About this task
I need the lines from the one containing "Abstract waves on black background, vector" through the last line of the entries retyped exactly, with no pictures among them.

==== Exercise data

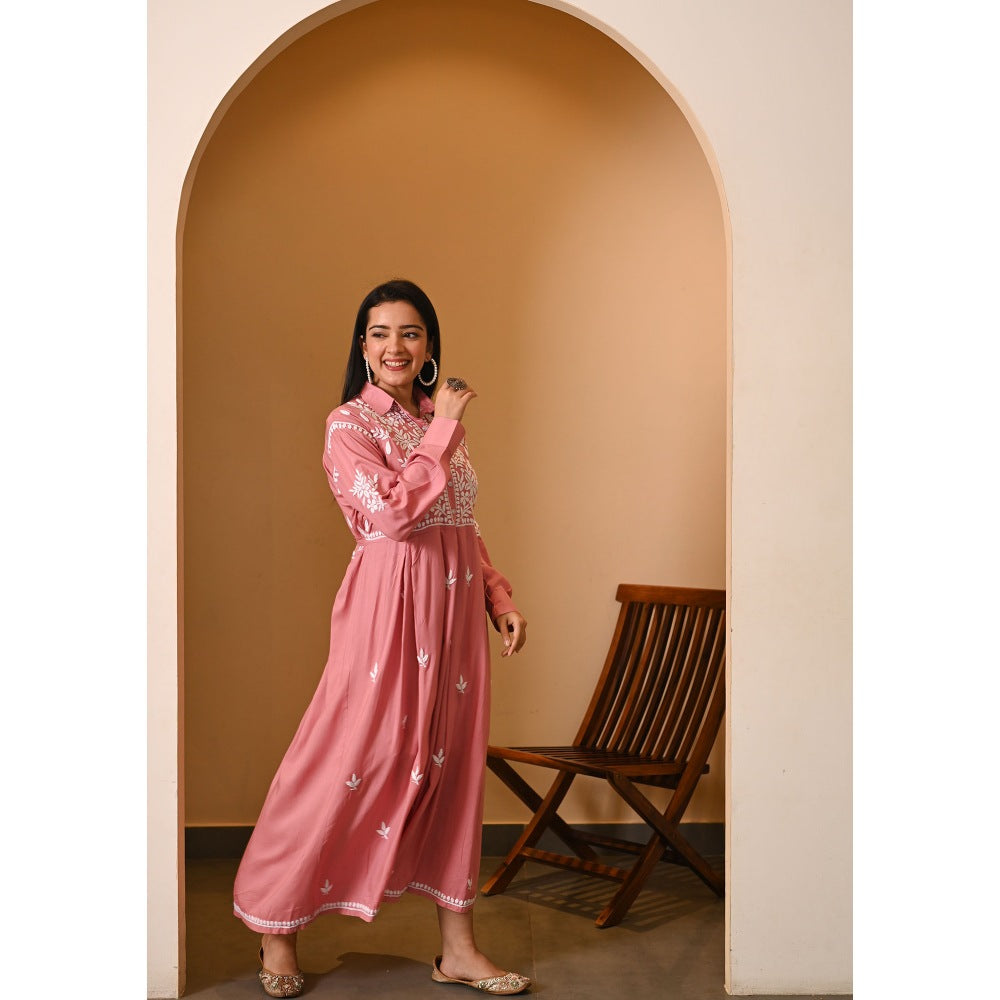 House of Chikankari Aabida Chikankari Modal A-Line Dress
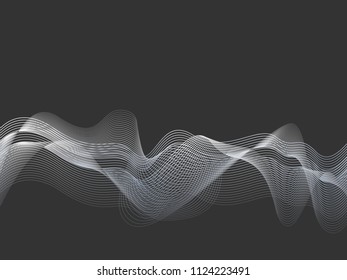 Abstract waves on black background, vector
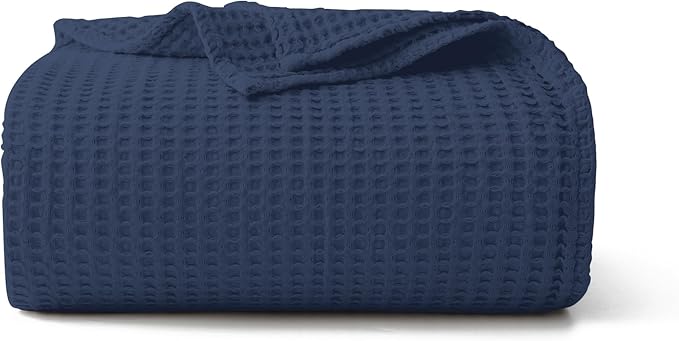 100% Cotton Waffle Blanket (Navy Blue - Twin Size - 66 * 90''), Pre-Washed and Anti-Shrinkage Soft Lightweight Bed & Couch Blanket, 380 GSM Waffle Weave Throw Blanket for All Seasons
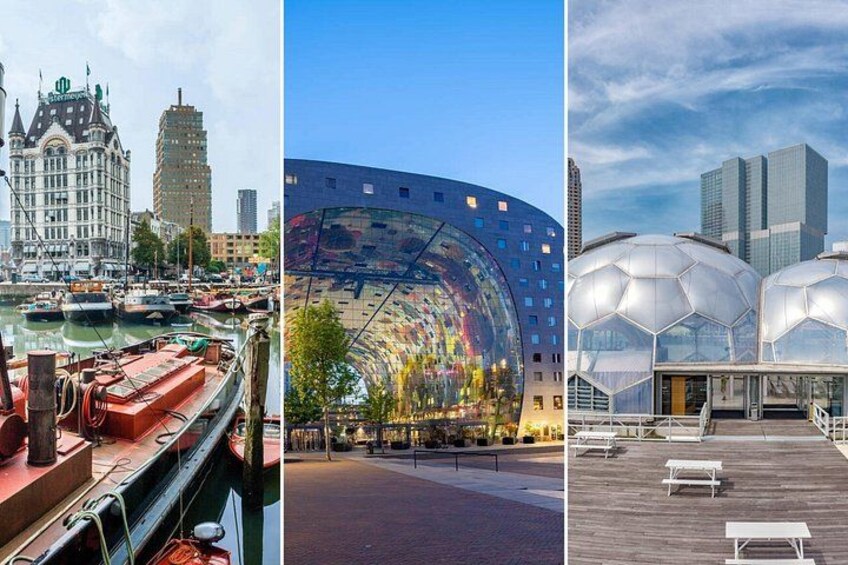 A harbor with boats, a modern building with a curved facade, and a rooftop with spherical structures. 1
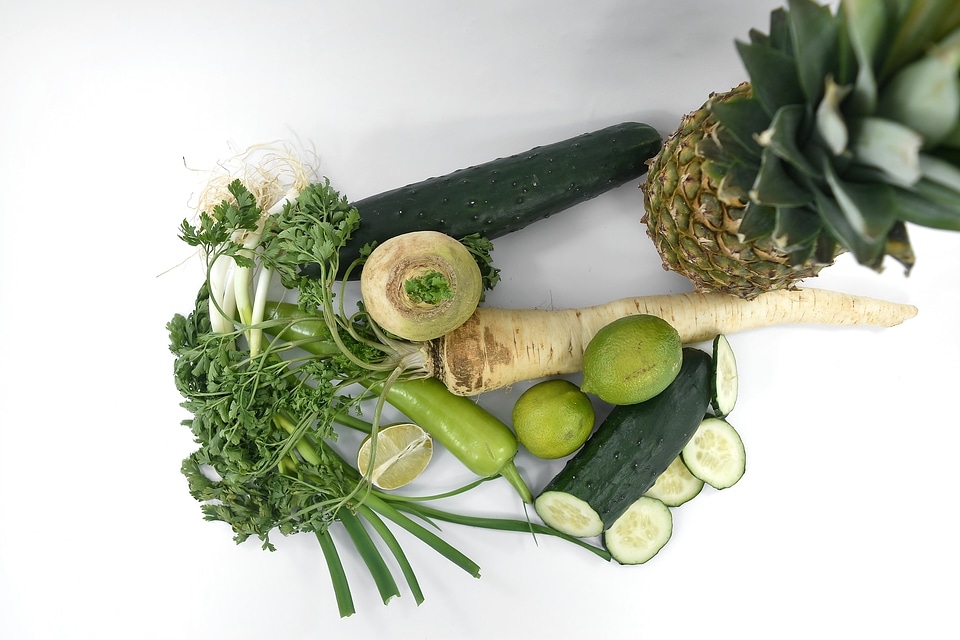 Cucumber green leaves green salad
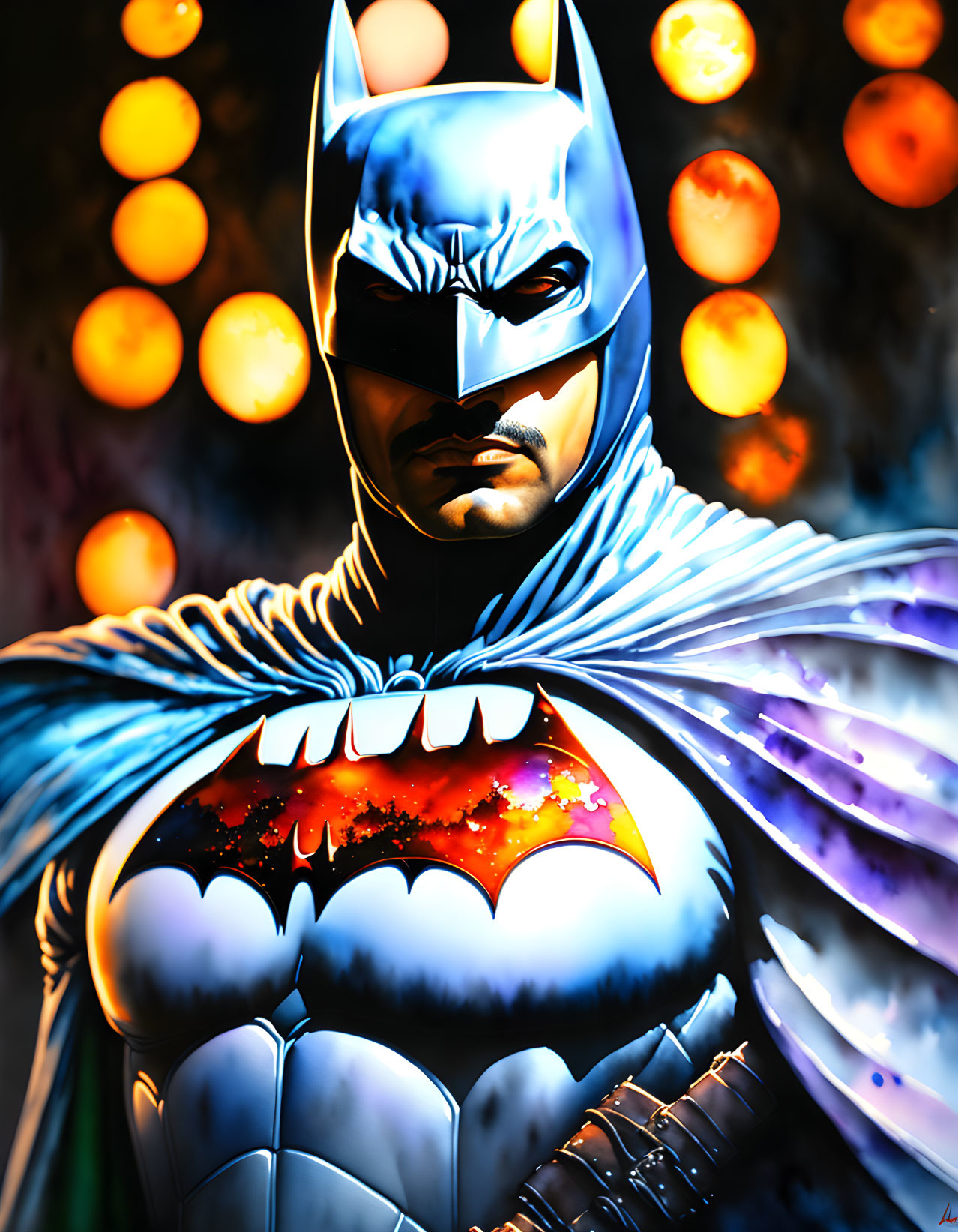 Detailed Batman illustration in iconic suit and cowl with stern expression.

========

Exercise result
 Abstract waves on black background, vector
 100% Cotton Waffle Blanket (Navy Blue - Twin Size - 66 * 90''), Pre-Washed and Anti-Shrinkage Soft Lightweight Bed & Couch Blanket, 380 GSM Waffle Weave Throw Blanket for All Seasons
 A harbor with boats, a modern building with a curved facade, and a rooftop with spherical structures. 1
 Cucumber green leaves green salad
 Detailed Batman illustration in iconic suit and cowl with stern expression.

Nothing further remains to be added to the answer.